La vieja historia de la alienación que popularizase Carlos Marx (equívocamente, según la versión de Althusser).No, si yo trabajo en lo que me gusta...y zarandajas del estilo.
Vivo yo estos días alienado por la voz de gruta y misterio de un Nick Cave que se atreve a susurrarme una y otra vez, viril y dolorido, los versos incandescentes de The Ship Song. Así, me hallo víctima obsoleta de un naufragio de luz, insomne bastardo de un incesto no cometido, fraudulento filósofo de una redención imposible.
Escuchar una y otra vez la misma canción tiene algo de catarsis. O al menos así lo pretendemos. Jugamos a remover las cenizas de una batalla que nuestro corazón debiera olvidar, para mantener la salud y el latido. Y es por ello que nos hundimos hasta las rodillas en esos versos que nos certifican el dolor que sufrimos, no porque Nick Cave, ni ningún otro cantante, músico, creador halla clavado en el centro de la diana el dardo certero de nuestros sentimientos, como aseguramos, sino por regodearnos en lo que creemos fue escrito, de manera casi exclusiva, para los trances que vivimos.
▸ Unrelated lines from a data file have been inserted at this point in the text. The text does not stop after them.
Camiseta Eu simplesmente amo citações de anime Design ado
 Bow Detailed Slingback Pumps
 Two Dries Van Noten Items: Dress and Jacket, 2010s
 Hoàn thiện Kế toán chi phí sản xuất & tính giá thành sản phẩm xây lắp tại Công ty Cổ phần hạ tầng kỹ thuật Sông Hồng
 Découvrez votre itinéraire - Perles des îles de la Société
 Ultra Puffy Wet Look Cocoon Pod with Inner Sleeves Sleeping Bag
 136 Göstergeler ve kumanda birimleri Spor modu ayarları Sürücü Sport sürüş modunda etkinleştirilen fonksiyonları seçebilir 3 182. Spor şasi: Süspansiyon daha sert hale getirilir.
Alienación, ya digo. Y más cerca de Marx que de los grandes psicoanalistas. Porque al fin, mientras levantamos una y otra vez la aguja de la felpa rugosa de ese vinilo que nos tortura, para volver a situarla al inicio de su surco de miedo y esperanza, no hacemos más que evadir nuestra capacidad de lucha y de subvertir el orden social que nos ha sido impuesto. Deberíamos romper el vinilo en mil pedazos y salir a la calle a quemar sucursales bancarias...o a destrozar con dentelladas rabiosas la raíz de esa enredadera que nos hace sufrir cada verso cantado como un navajazo de caramelo que convierte nuestro corazón en dulce membrillo de vida que, ¡ay!, devorarán otros. Por algo el cantante australiano bautizó a su grupo de músicos con el mesiánico nombre de las malas semillas.
A pesar de seguir tarareando mentalmente come sail your ships around me, me veo inmerso en la trepidación violenta de los viscosos extraterrestres que, en la pantalla del televisor, devoran uno a uno a los tripulantes de esa nave espacial que ha perdido el rumbo. Al final, el alienígena más violento de todos toma el cuerpo del último superviviente, pero queda la esperanza de que pueda desprenderse de él en siguientes capítulos.
Yo tengo la esperanza de poder sacar de mí la voz de Nick Cave. Claro que, al fin, su timbre de caverna iluminada sólo supone estos días la certificación de mis pesadillas. Y de los propios fantasmas es más difícil desalienarse.